RIP British Heavy Industry: Killed by the Green Death

Apparently it’s all just a myth put out by nasty right-wing columnists. Or so crows the Guardian, quoting EU-funded eco-propaganda site the Carbon Brief, claiming that the cost of green levies amounts to no more than one per cent of Port Talbot’s production costs. Labour’s shadow chancellor John McDonnell agrees with this assessment. So that makes it all OK then, right?

Well, no. As we learn from Paul Homewood these “nothing to do with us, guv” claims are a downright lie.

In December last year the House of Commons Select Committee for Business, Innovation & Skills produced a report on the UK steel industry.

According to the industry, the price of electricity in the UK for extra large users is the highest in the EU by some margin. Figure 6 indicates that prices for these industrial consumers have risen steadily in the UK since the start of this century and were the highest in the EU in 2014.
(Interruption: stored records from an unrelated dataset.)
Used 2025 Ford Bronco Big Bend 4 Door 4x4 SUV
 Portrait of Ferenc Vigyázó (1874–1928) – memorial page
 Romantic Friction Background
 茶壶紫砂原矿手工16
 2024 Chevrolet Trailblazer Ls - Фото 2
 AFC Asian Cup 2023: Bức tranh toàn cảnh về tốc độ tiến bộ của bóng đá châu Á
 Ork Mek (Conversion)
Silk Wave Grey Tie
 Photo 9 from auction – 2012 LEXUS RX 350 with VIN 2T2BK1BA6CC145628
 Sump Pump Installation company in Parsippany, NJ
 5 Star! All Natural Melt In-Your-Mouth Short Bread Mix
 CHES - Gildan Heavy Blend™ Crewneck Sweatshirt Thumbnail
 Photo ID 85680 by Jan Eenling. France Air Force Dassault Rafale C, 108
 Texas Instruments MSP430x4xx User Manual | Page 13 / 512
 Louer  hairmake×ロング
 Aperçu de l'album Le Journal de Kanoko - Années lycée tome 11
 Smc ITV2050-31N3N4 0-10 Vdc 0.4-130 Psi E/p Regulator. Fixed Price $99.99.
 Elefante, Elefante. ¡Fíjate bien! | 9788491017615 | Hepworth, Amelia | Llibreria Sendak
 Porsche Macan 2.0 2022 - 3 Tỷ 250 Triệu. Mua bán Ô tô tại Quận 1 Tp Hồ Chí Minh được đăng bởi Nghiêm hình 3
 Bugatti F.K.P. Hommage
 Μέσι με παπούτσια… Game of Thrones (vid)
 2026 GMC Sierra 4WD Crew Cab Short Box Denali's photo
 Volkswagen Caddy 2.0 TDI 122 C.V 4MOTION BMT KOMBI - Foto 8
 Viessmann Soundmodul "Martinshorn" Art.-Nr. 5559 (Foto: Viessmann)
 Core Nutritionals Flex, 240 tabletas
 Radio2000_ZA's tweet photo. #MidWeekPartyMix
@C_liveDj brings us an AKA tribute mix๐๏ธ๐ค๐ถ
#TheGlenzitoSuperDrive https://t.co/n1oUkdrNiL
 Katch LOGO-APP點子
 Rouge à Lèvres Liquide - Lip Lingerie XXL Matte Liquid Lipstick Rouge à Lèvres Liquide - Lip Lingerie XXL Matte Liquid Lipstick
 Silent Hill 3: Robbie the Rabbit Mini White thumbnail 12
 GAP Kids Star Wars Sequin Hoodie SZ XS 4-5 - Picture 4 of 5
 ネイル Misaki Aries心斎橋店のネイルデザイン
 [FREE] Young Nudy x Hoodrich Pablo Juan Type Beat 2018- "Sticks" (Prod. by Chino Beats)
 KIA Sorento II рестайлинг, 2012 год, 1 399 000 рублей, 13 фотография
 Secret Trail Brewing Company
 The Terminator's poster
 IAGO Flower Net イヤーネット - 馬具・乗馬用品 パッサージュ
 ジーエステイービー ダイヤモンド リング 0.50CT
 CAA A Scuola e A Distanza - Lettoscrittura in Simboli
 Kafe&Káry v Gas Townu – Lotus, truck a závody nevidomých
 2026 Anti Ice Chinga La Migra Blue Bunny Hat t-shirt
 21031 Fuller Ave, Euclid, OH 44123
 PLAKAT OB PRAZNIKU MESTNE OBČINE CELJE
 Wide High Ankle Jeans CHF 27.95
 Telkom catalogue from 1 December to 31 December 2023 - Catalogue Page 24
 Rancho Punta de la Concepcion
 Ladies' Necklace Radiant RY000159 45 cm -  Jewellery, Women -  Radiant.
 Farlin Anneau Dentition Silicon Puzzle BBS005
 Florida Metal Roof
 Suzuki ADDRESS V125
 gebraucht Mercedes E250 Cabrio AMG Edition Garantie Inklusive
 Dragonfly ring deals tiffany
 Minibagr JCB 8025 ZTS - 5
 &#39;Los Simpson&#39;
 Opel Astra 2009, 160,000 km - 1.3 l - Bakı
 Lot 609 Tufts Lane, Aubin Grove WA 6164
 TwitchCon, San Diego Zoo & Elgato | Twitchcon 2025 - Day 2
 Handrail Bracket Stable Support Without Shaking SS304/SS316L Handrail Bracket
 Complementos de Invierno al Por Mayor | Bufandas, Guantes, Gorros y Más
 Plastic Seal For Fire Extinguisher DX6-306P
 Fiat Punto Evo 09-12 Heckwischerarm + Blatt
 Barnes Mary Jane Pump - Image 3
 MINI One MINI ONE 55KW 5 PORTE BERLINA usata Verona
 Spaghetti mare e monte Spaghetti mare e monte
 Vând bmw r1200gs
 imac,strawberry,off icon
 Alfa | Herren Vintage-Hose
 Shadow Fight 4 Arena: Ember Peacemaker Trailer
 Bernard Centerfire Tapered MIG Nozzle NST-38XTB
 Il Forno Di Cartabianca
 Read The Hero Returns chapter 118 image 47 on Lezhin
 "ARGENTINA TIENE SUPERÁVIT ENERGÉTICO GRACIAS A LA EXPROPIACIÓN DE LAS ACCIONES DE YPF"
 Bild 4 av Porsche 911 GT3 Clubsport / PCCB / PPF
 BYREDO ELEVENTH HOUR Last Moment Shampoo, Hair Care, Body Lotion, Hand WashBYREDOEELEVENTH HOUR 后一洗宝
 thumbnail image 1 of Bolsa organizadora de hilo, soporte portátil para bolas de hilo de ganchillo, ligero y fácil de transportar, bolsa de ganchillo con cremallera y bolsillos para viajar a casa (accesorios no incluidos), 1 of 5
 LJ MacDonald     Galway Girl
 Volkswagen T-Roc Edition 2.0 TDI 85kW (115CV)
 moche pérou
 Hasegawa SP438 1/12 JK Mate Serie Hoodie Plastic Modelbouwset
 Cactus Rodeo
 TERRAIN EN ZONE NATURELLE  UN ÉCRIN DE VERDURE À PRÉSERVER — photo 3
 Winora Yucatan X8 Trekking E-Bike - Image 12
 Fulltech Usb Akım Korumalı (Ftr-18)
Other studies have confirmed that electricity costs are relatively high in the UK for industrial users. Whilst energy costs may not represent a high proportion of total costs, we were told that they nonetheless represented a “significant proportion” and that “the margins are very small, so any disadvantage is magnified”.

Some of these relatively high costs can be attributed to policies designed to combat climate change. The Government estimates that climate change policies have added 18% to electricity prices for the steel industry, falling to 14% after compensatory measures are implemented.

According to the government’s own figures, climate policies are already adding 26 per cent to the cost of the electricity used by heavy industry. By 2020, the added cost caused by climate levies will rise to 59 per cent.

Tata, the Indian owner of the Port Talbot steel works, currently spends £250 million on energy for its European operations. So at UK rates, around £50 million of that cost consists of green levies. By 2020 this is set to rise to well over £100 million. In deciding to sell off its UK operations, then, Tata is thinking not just of the already inflated current energy costs but of the fact that the situation is going to get worse not better. Of course it’s going to move its steel production (“offshoring”) to wherever energy costs are cheaper: there would be no business sense in doing otherwise.

Read the rest at Breibart.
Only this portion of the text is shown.